Правда, говоря о Белом и Замятине, исследователи прежде всего отмечают бросающиеся в глаза следы влияния на роман «Мы» беловского «Петербурга». Оно сказывается и в описании Города-государства, и в противопоставления Города и дикого мира за Зеленой Стеной (центр Петербурга – острова у Белого), и в образе Благодетеля («сколка» с сенатора Аблеухова), и в заговорщической атмосфере, разлитой в воздухе повествования… Но если обратиться к авантюрно-любовной фабуле романа Замятина, то на ум приходит совсем иное творение Белого – повесть «Серебряный голубь», о которой вспоминают значительно реже. И в том, и в другом произведении – попытаемся воссоздать объединяющую оба текста фабульную линию – герой, принадлежащий некоему упорядоченному «аполлоническому» миру, имеющий в нем свою женскую пару (невесту, возлюбленную, сексуальную партнершу), подвергается соблазну со стороны женщины – носительницы стихийно-оргиастического, дионисийского начала бытия (роль антитезы аполлоновское / дионисийское для организации художественного мира «Мы» на всех его уровнях – от жанрово-тематического до дискурсиво-стилевого, как показывают современные исследования, поистине огромно). Подчиняясь зову стихийной, животной силы, «зову пола», герой покидает упорядоченный мир и приобщается к миру хаоса, более того, готов идти к нему в услужение. При этом он оказывается инструментом осуществления некоего заговора, который затеян силами хаоса, восставшими против порядка, и обречен жертвенной гибели: правда, Д-503, в самоубийственном порыве направляющий свой Интеграл в землю, не достигает желаемого, в то время как сектанты-убийцы, явившиеся на призывный крик Петра Дарьяльского, совершают над ним свой кровавый обряд. Но и роман Замятина – в той мере, в которой его сюжет может считаться законченным, – завершается фактической гибелью Д-503, смертью его «я» в результате лоботомии.
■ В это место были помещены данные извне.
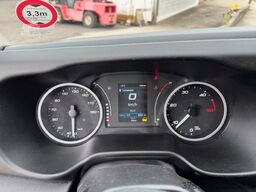IVECO Daily 35C16 ¤6E Koffer LBW Klima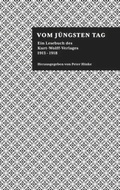 Cover: Vom J&uuml;ngsten Tag - Connewitzer Vlgsbuchhdlg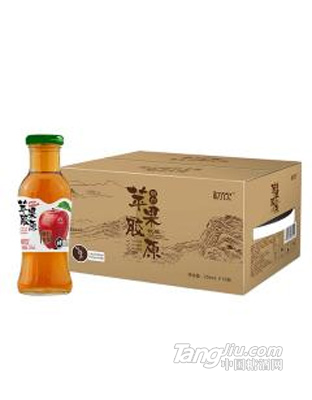 初飲 蘋果膠原 果汁飲品 256mLx15瓶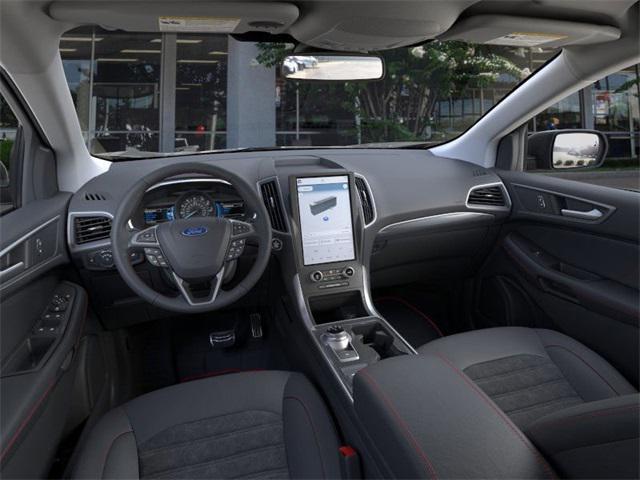 new 2024 Ford Edge car, priced at $37,495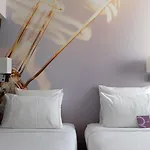 Mercure Paris Parc Des Expositions 4*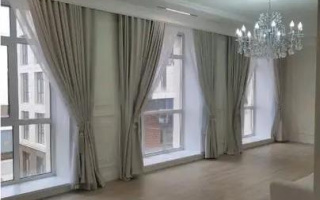 Продажа 4-комнатной квартиры, 136.8 м², ул. Бокейхана, дом  3Б - Продажа квартир в Астане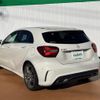 mercedes-benz a-class 2017 -MERCEDES-BENZ--Benz A Class DBA-176042--WDD1760422V168109---MERCEDES-BENZ--Benz A Class DBA-176042--WDD1760422V168109- image 15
Впрочем, различие между условным окончанием «Мы» и финалом «Серебряного голубя» действительно существует, но не на фабульном уровне (сходство фабул10 должно подчеркнуть различие позиций), а на уровне сюжетно-композиционном – в подходе к жанровому завершению художественного целого. У Белого крестная смерть Петра является залогом восстановления и продолжения жизни космоса, у Замятина – завершения как такового нет, а есть иронически-уклончивое нагромождение отрицания отрицаний, дурная бесконечность: заговор Мефи разоблачен, но революция продолжается, а повествователь «под занавес» выражает веру в победу «разума». В свой черед «победа разума» завершит начатый постройкой «Интеграла» процесс интеграции вселенной, огораживания Стеной всего космоса, то есть создание космической замкнутой системы, что влечет за собой – в согласии со вторым законом термодинамики – ее «тепловую смерть». Условное завершение романа Замятина абсурдистски-безысходно, бессмысленно, в то время как финал «Серебряного голубя» просветленно-трагичен.